=== Section Start ===
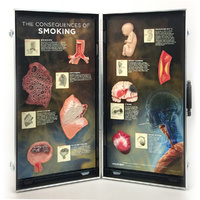 The Consequences of Smoking 3D Display
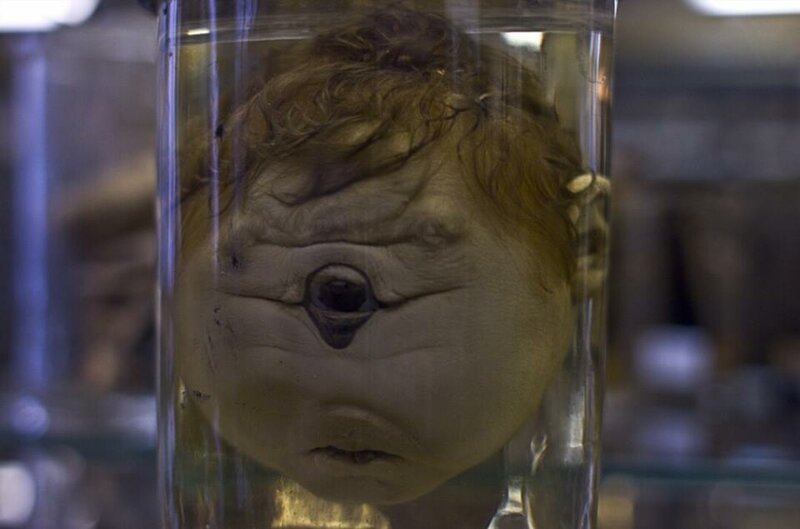 Не для слабонервных: топ-5 самых отвратительных и жутких музеев мира (30 фото)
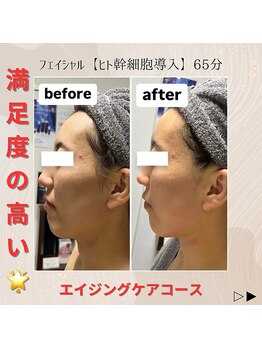 きれい塾 恵比寿/1回の施術結果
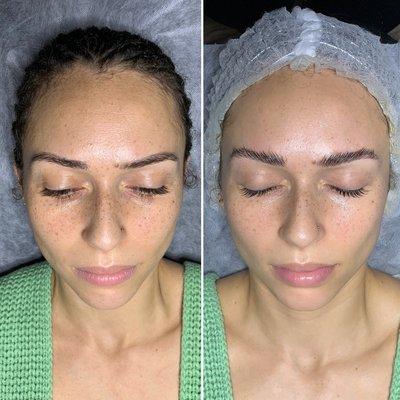 Before & After

Botnia Dermaplaning Skin Treatment +Oxygen Infusion and Brow Lamination + Lash Lift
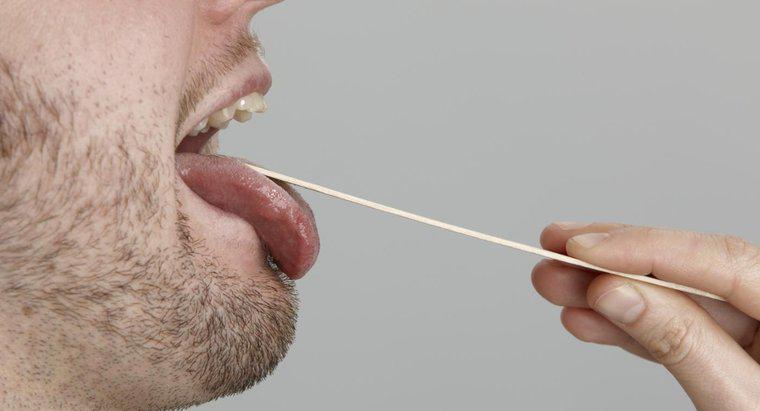 Loại bác sĩ nào phù hợp nhất để điều trị vấn đề về lưỡi?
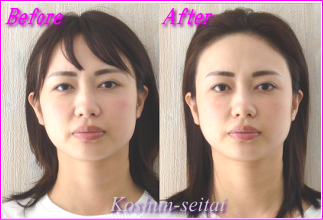 顔の左右非対称改善・左右の目の高さが揃いました/ お客様の声 - 札幌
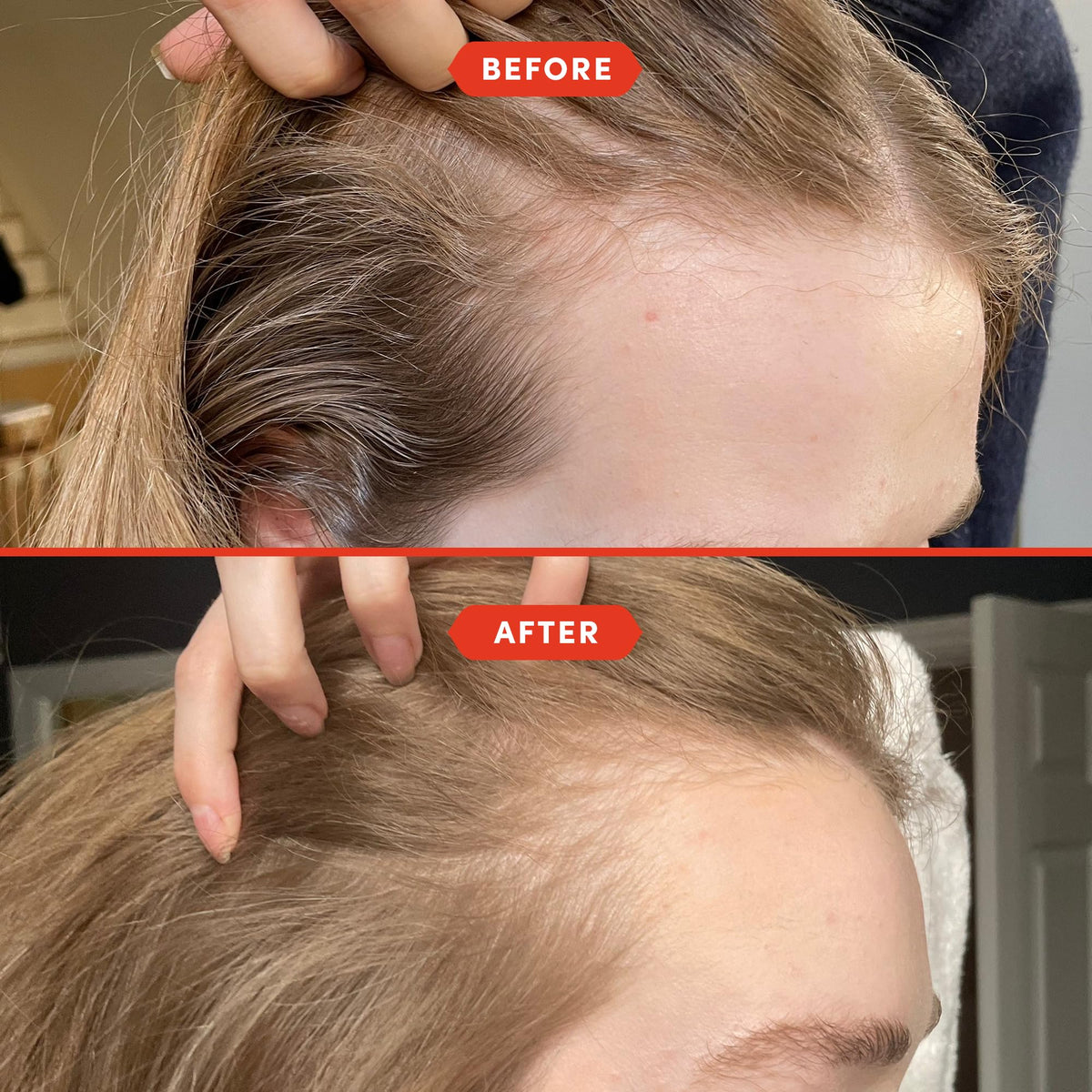 Fable & Mane scalp massage application demonstrating improved circulation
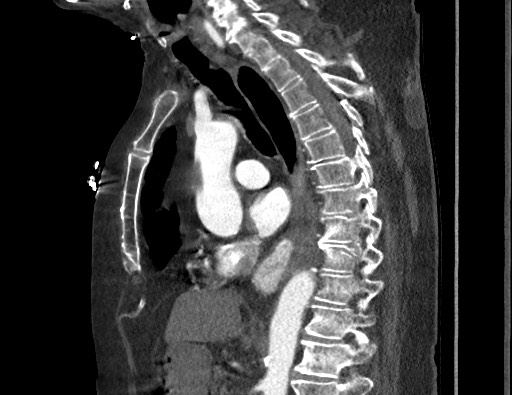 Aortoesophageal fistula with endovascular repair (Radiopaedia 73781-84592 Sagittal C+ CTPA 100).jpg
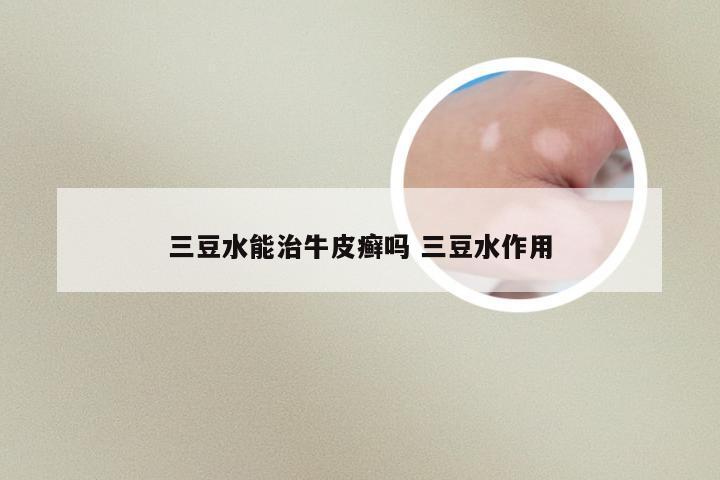 三豆水能治牛皮癣吗 三豆水作用
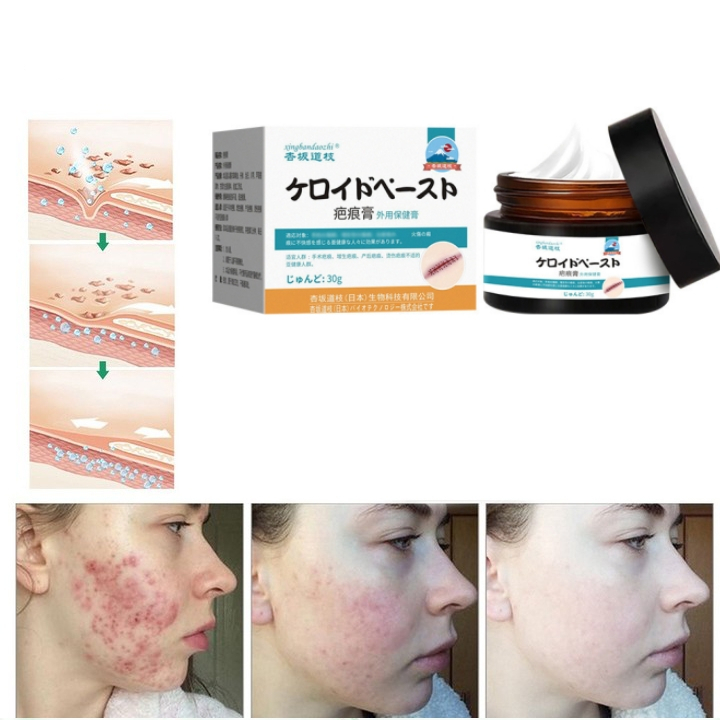 Penghilang bekas luka hitam koreng Penghilang bekas luka di kaki Penghilang Bekas cacar Bekas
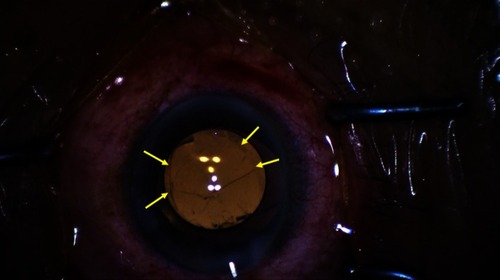 Figure 9 Image of optic capture involving the three-piece intraocular lens. The edge of the continuous curvilinear capsulorhexis is indicated by the yellow arrows.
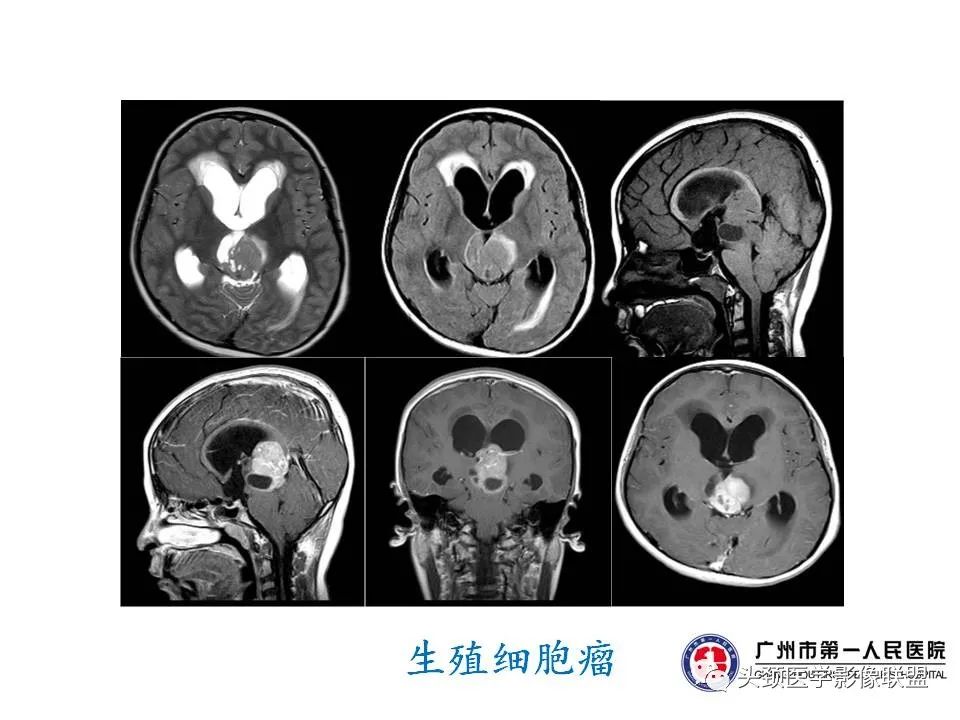 影像PPT - 【PPT】颅内生殖细胞瘤影像诊断及鉴别-14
=== Section End ===
**Task directions**.
Print all the records exactly, minus any images.

**Reply to the exercise**.
 The Consequences of Smoking 3D Display
 Не для слабонервных: топ-5 самых отвратительных и жутких музеев мира (30 фото)
 きれい塾 恵比寿/1回の施術結果
 Before & After

Botnia Dermaplaning Skin Treatment +Oxygen Infusion and Brow Lamination + Lash Lift
 Loại bác sĩ nào phù hợp nhất để điều trị vấn đề về lưỡi?
 顔の左右非対称改善・左右の目の高さが揃いました/ お客様の声 - 札幌
 Fable & Mane scalp massage application demonstrating improved circulation
 Aortoesophageal fistula with endovascular repair (Radiopaedia 73781-84592 Sagittal C+ CTPA 100).jpg
 三豆水能治牛皮癣吗 三豆水作用
 Penghilang bekas luka hitam koreng Penghilang bekas luka di kaki Penghilang Bekas cacar Bekas
 Figure 9 Image of optic capture involving the three-piece intraocular lens. The edge of the continuous curvilinear capsulorhexis is indicated by the yellow arrows.
 影像PPT - 【PPT】颅内生殖细胞瘤影像诊断及鉴别-14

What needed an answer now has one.